"American Pastoral": Das grosse Interview mit Regisseur und Star Ewan McGregor - Teil 1

Er ist Jedi-Ritter, Drogenjunkie und Ghostwriter in einem. Jetzt ist er auch Regisseur. Im ersten Teil unseres Interviews sprachen wir mit dem Star über Druck und die nicht immer einfache Musikwahl.

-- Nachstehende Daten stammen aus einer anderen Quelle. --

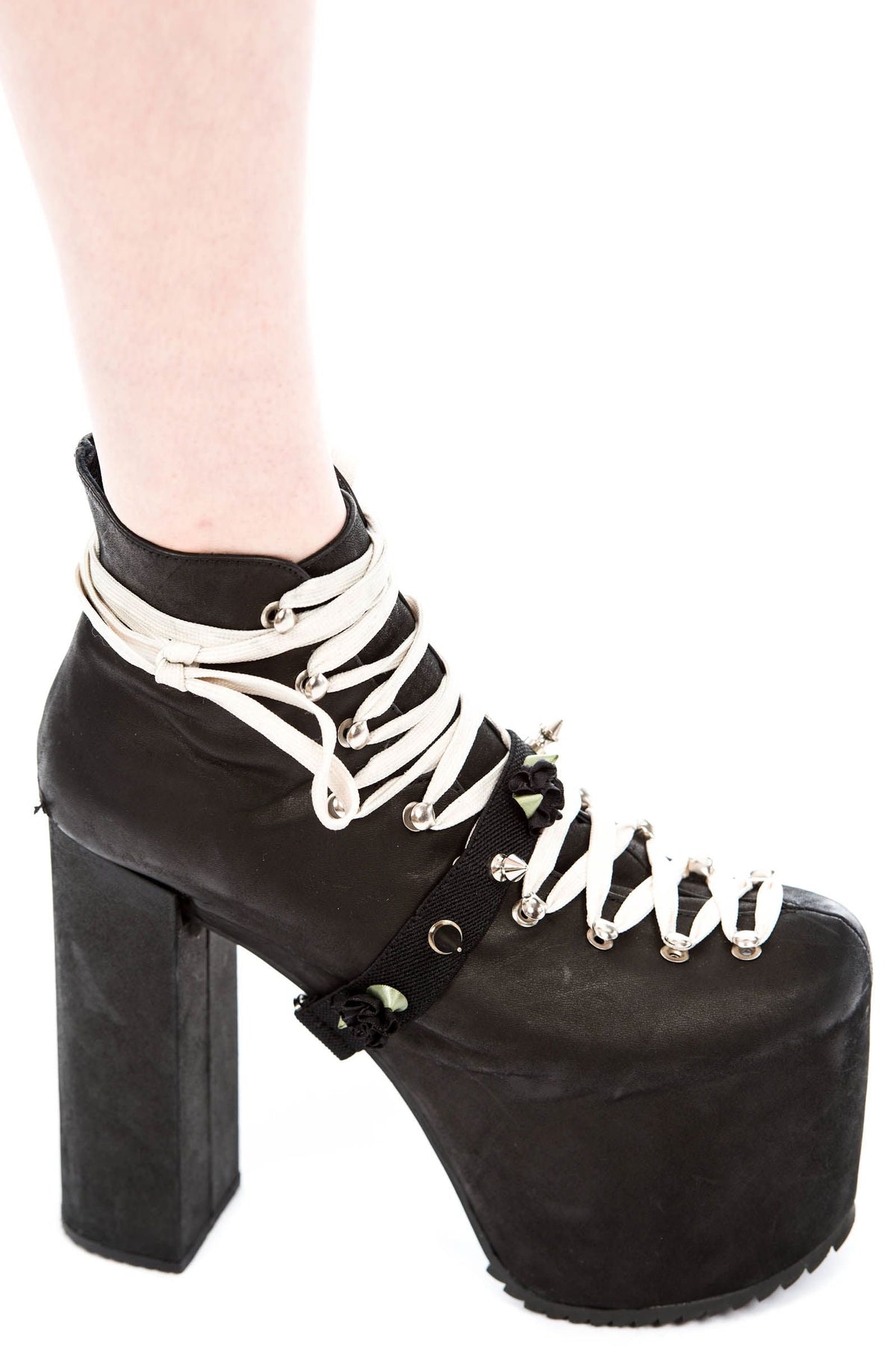 Spikes and Flower Shoe Garter - Pink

American Pastoral erzählt von einer Familie, deren heiles Weltbild, stellvertretend für die gesamten USA, ins Wanken gerät. Vietnam und die politischen Bewegungen der Sechzigerjahre rütteln ein ganzes Land wach und hinterfragen den amerikanischen Traum. Der schottische Hollywoodstar Ewan McGregor (Trainspotting, Star Wars) spielt dabei nicht nur die Rolle des Familienvaters, des "Schweden", sondern übernimmt auch erstmals den Regieposten. Im Interview mit OutNow.CH spricht er über die Herausforderungen der Regiearbeit und der Umsetzung von Philip Roths Bestellerroman sowie sein Verhältnis zu den USA.

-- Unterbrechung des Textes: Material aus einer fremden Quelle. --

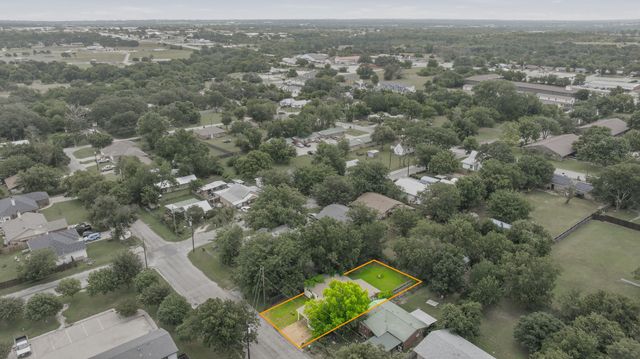 1350 Groesbeck Street, Stephenville, TX 76401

Warum mussten wir so lange auf dein Regiedebüt warten?
Die Wahrheit ist, dass ich einfach nie die richtige Geschichte gefunden habe. Ich wollte schon lange Regie führen. Als meine Tochter vielleicht drei oder vier war, also vor 18 Jahren, bin ich auf einen Roman namens Silk gestossen, den ich unbedingt verfilmen wollte. Er wurde dann auch verfilmt.

Mit Keira Knightley in der Hauptrolle.
Genau. Ich habe immer daran geglaubt, dass ich ein Filmemacher bin, und als Schauspieler fühlt es sich auch so an. Ich glaube nicht, dass wir uns einfach nur vor die Kamera stellen und unseren Text aufsagen. Schauspieler sind ein Teil des Prozesses, der Mittelteil. Natürlich gibt es Vorbereitungen mit dem Regisseur sowie Kostüme und Make-up, aber hauptsächlich arbeitet man als Schauspieler im Mittelteil des Entstehungsprozesses. Und ich wollte bis zum Schluss involviert sein. Die kreative Zusammenarbeit mit Kameraleuten, Kostümdesigner, Schauspielern und Cuttern ist eine Genugtuung. Ich wollte das gesamte Bild sehen und es nicht machen, damit ich mich im Fernsehen als Regissseur bezeichnen kann. Ich wollte es machen, weil ich eine Geschichte habe, die ich erzählen will und ich dachte, Silk wäre es.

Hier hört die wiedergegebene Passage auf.